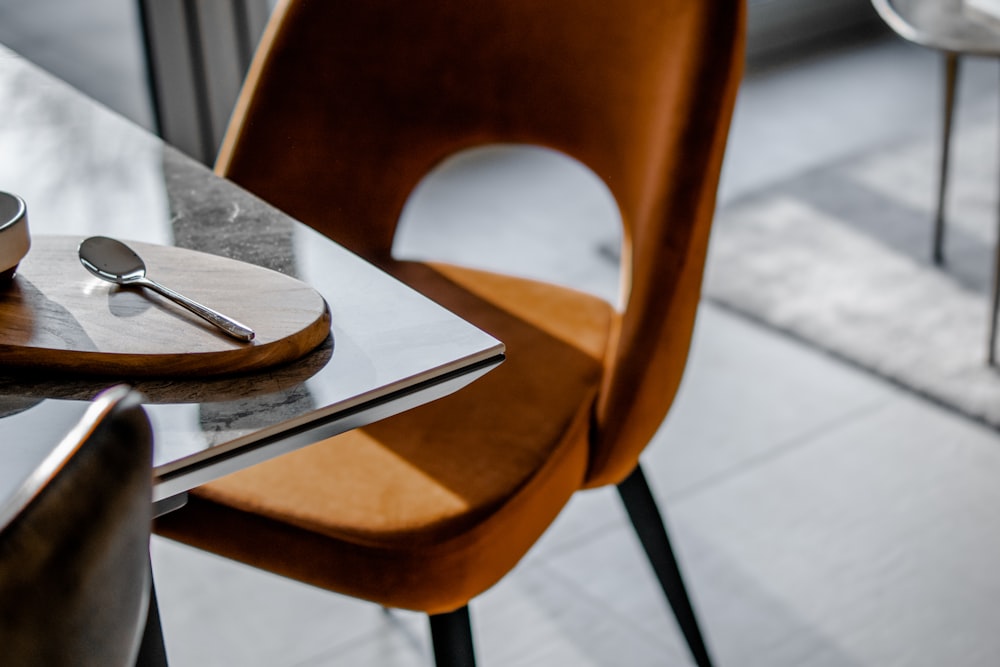 brown armless chair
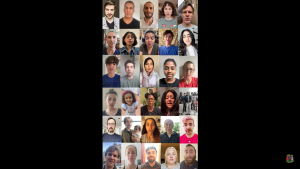 Image taken from the hashtag We Stand With Fatima video, showing 30 faces looking at the camera. In the video, they are all speaking together. The faces are a wide range of people across race, age, gender, and various other differences. There is a black background around the faces which are in the center of the image.
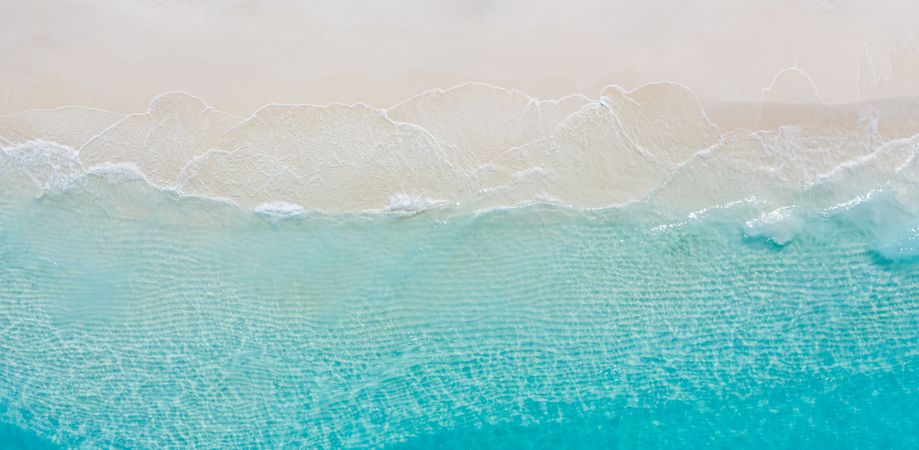 Aerial shot of clear blue water at a tropical beach, wide angle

◆ ◆ ◆ ◆ ◆ ◆ ◆

= PROBLEM DESCRIPTION =
Restate the full listing verbatim and drop every picture.

= ANSWER SPACE =
 brown armless chair
 Image taken from the hashtag We Stand With Fatima video, showing 30 faces looking at the camera. In the video, they are all speaking together. The faces are a wide range of people across race, age, gender, and various other differences. There is a black background around the faces which are in the center of the image.
 Aerial shot of clear blue water at a tropical beach, wide angle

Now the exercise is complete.